Both CO and CORM-2 induce corporal relaxation, although the underlying molecular mechanisms show no resemblance. That CO induces corporal relaxation through a mechanism similar to that of NO could be of importance as it indirectly offers the possibility that endogenous CO might serve as a backup system for insufficient NO availability in cases of ED. Whether CORM-2 possesses the same capacity remains questionable and requires further research.
类似于一氧化氮(NO),阴茎勃起的主要介质,一氧化碳(CO)具有血管扩张能力。然而,CO 是否可以成为治疗勃起功能障碍(ED)的治疗靶点尚未得到探索。由于 CO 的全身给药存在危险,因此开发了一氧化碳释放分子(CORM),以局部、安全和可控的方式释放 CO。这些 CORM 在心血管研究中显示出了积极的结果。需要更多地了解 CO 在勃起功能中的(病理)生理学功能以及 CORM 的潜在治疗作用。
本研究旨在评估 CO 和 CO 供体 CORM-2 对 corpora 张力的影响及其潜在的分子机制。
通过在离体小鼠海绵体(CC)条上进行等长张力测量,进行器官浴研究。在不同分子途径的激活剂/抑制剂存在/不存在的情况下,测量 CO(10-300 µmol/L)和 CORM-2(10-100 µmol/L)的反应。
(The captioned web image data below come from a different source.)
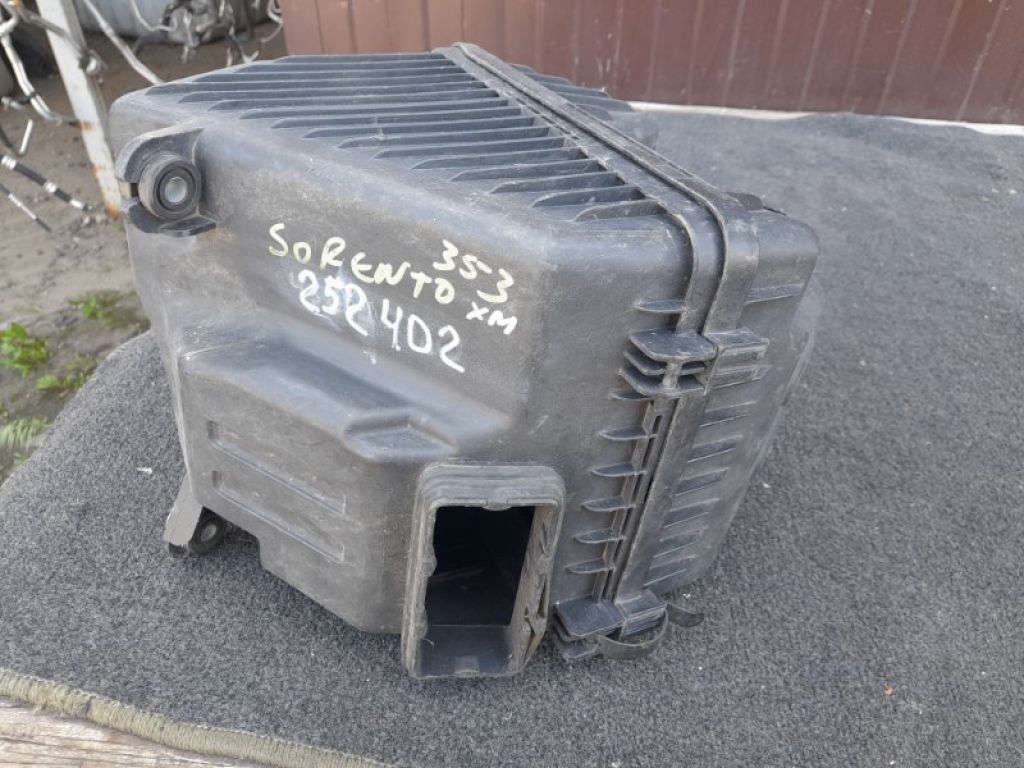 28110-2P200 | Корпус повітряного фільтра KIA SORENTO XM 09-14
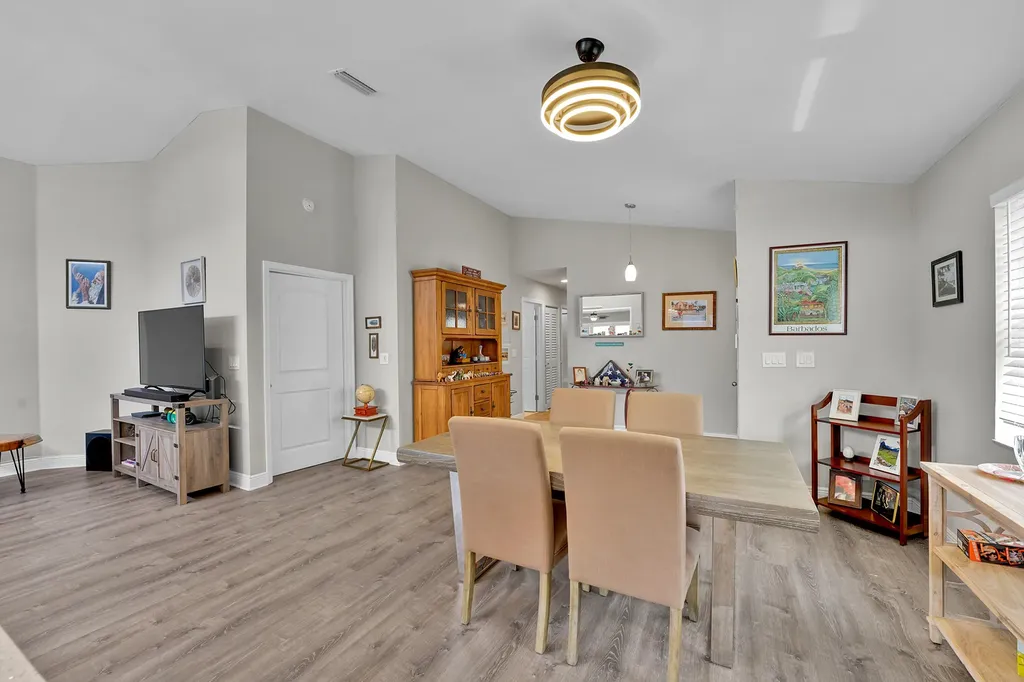 7917 Travlers Tree Drive Boca Raton FL 33433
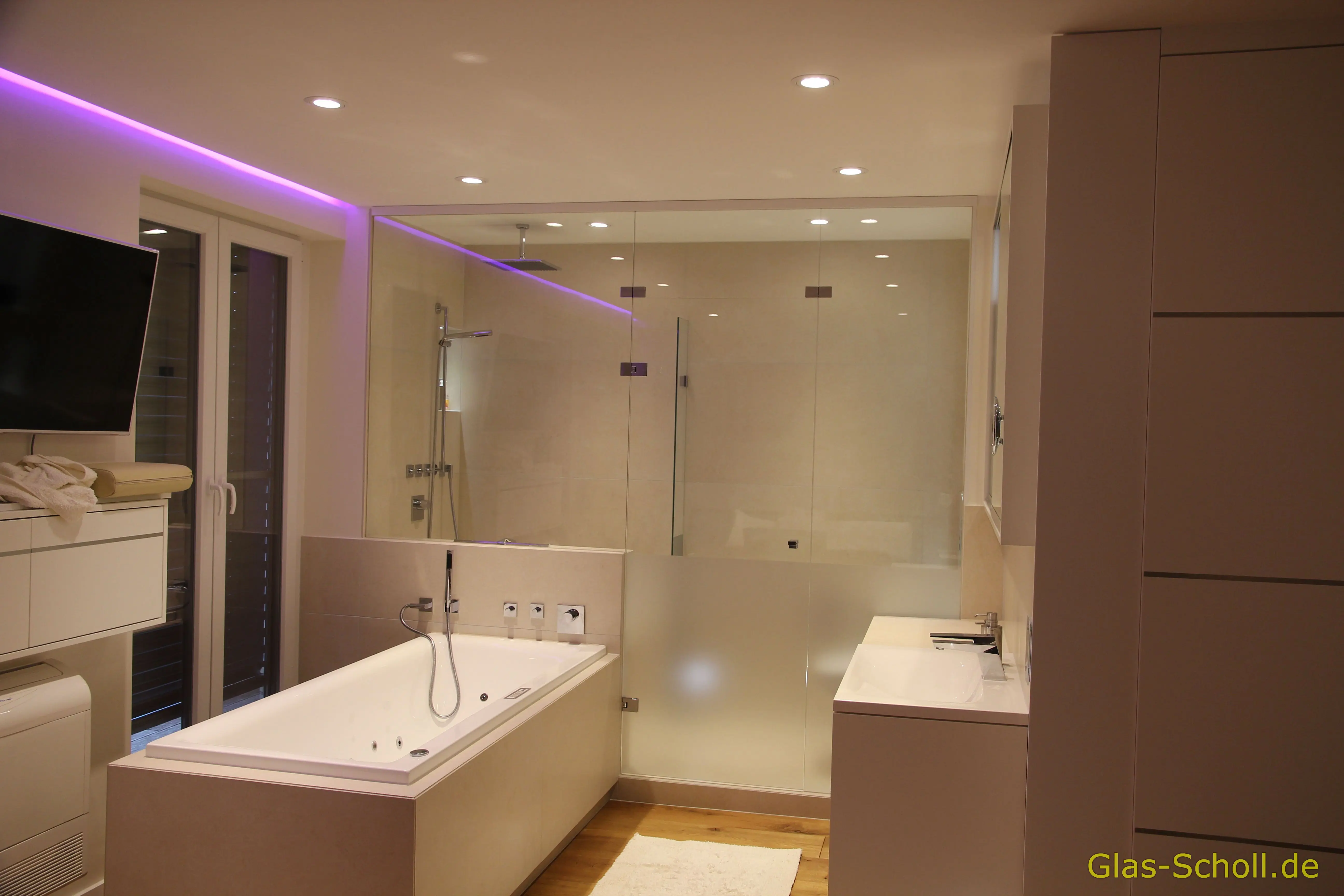 Glasduschkombination in einem Luxus-Badezimmer von Glas Scholl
CO 和 CORM-2 浓度依赖性地使 corpora 条带松弛,尽管 corpora 松弛背后的分子机制似乎完全不同。
CO 通过激活可溶性鸟苷酸环化酶(sGC)诱导 corpora 松弛,增加环鸟苷酸(cGMP)浓度。CORM-2 诱导 corpora 松弛的分子机制与 sGC 激活无关,目前尚不清楚。
CO 和 CORM-2 均诱导 corpora 松弛,尽管潜在的分子机制没有相似之处。CO 通过类似于 NO 的机制诱导 corpora 松弛可能很重要,因为它间接提供了一种可能性,即内源性 CO 可能作为 ED 情况下 NO 供应不足的后备系统。CORM-2 是否具有相同的能力仍存在疑问,需要进一步研究。